Com o novo formato, nos últimos dois anos Santiago recebeu 776 coletivos elétricos e outros 1.135 a diesel, no padrão Euro 6, o nível menos poluente do mercado. E os contratos de operação passaram a ter prazos curtos, de 5 a 7 anos, que podem ser estendidos se indicadores de desempenho forem alcançados.
Em Bogotá, o sistema foi dividido entre quatro provedores de frota e quatro operadores. “Tínhamos contratos longos, de 24 anos, e agora são de 15 anos para frota elétrica e de 10 para diesel”, diz Sofia Valenzuela, chefe de planejamento do TransMilenio, serviço de ônibus que passou a adotar contratos separados em 2019.
Em caso de queixas dos usuários, o governo da capital colombiana passou a descontar diretamente da remuneração dos operadores, em vez de cobrar multas. A cidade também arrecada dinheiro para custear o transporte com um imposto sobre a gasolina.
Com a separação do fornecimento de frota, o transporte público se aproxima de modelos como o da Uber, que não possui carros. Cabe a cada motorista arrumar um veículo que atenda a certos padrões, mas ele tampouco precisa ser o dono. Muitas vezes, os condutores de apps usam carros de locadoras ou de startups. Mas os passageiros nem pensam nisso: o importante é que o carro, ou o ônibus, chegue logo.
“O transporte público perde muitos passageiros por conta da falta de qualidade”, comenta Cristina Albuquerque, gerente de Mobilidade Urbana do instituto WRI Brasil. “E como aqui os operadores são donos das frotas, é muito difícil trocar ou rescindir esses contratos, sob risco de ficar sem o serviço.”
Para Francisco Christovam, assessor especial do SPUrbanuss, sindicato das viações paulistanas, esse tipo de mudança deve atrair mais competidores para o negócio, mas ele duvida que prosperem. “Virão muitos amadores, e operar ônibus em uma cidade como São Paulo é para profissionais”, diz.
Ele ressalta que faltam corredores e faixas de ônibus na cidade, o que agiliza as viagens e permite otimizar a capacidade dos ônibus, e que a prefeitura da cidade às vezes atrasa pagamentos. “No começo da gestão João Doria [2017], um repasse de R$ 300 milhões foi adiado e pago só no ano seguinte, em dez parcelas sem correção”, reclama.
A cidade de São Paulo levou anos para concluir a licitação do serviço de ônibus, mas praticamente não houve concorrência e, em 2019, os mesmos operadores ganharam o direito de atuar por mais 15 anos, até 2034.
“Para melhorar a qualidade do serviço, é preciso que as empresas e os governos trabalhem em parceria, e não que as prefeituras pensem apenas em aplicar multas.
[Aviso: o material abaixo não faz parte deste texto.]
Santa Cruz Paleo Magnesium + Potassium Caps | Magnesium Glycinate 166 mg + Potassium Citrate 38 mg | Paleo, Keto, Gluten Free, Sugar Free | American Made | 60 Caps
E que também não mudem de ideia de forma radical a cada gestão. Já testamos muitos combustíveis, como gás, biodiesel, e os programas foram interrompidos”, comenta.
Christovam avalia que não falta financiamento para a compra de ônibus no Brasil, mas aponta que muitas viações quebraram nos últimos meses por conta da pandemia. “Na maioria das cidades do país, as empresas precisam se manter só com as tarifas. Conforme muita gente ficou em casa, a demanda caiu até 80%. Foi preciso manter 100% da frota com 20% da remuneração. Era insustentável”, disse.
“No Chile e na Colômbia, a resistência de quem já está no sistema foi o principal entrave para mudar o modelo de contrato”. avalia Alburquerque, do WRI. “A ideia desse novo modelo é quebrar um ciclo vicioso, no qual a gente fica sempre com os mesmos operadores. É raro ver empresas de uma cidade do Brasil operando em outras regiões”, comenta.